Nevertheless, the magic of the possibility of becoming a dancer stayed with me over my elementary, and junior high school years and I fondly recalled those dreams twenty-odd years later when I enrolled my own 5 year-old daughter in similar Saturday morning classes in Maria P’s Dance Studio in New Jersey.

Part of my vision for My Friend Maya Loves to Dance was to be able to capture the magic of those innocent childhood dreams today for hundreds of little black girls like myself who during the 1950s and 60s never saw African American ballet dancers but who still dreamed of being in their ranks and who year after year sold tickets to the spring extravaganza and made their parents and teachers proud of their perseverance, discipline, style, and grace.
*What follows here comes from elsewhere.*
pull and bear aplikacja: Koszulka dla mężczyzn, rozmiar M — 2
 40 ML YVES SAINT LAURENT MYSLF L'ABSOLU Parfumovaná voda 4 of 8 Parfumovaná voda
Wouldn’t it be nice today for all the young African American want-to-be ballerinas to see themselves in a book for young dancers? Wouldn’t it be wonderful to have those images in a book for another generation of dancers to cherish? Now there are professional dance classes offered by the Dance Theater of Harlem, and Alvin Ailey and Philadanco as well as many other regional dance companies and local dance studios for young people. I’m hopeful that children who attend those classes and their retro moms will appreciate the love and warm memories that went into the creation of this book.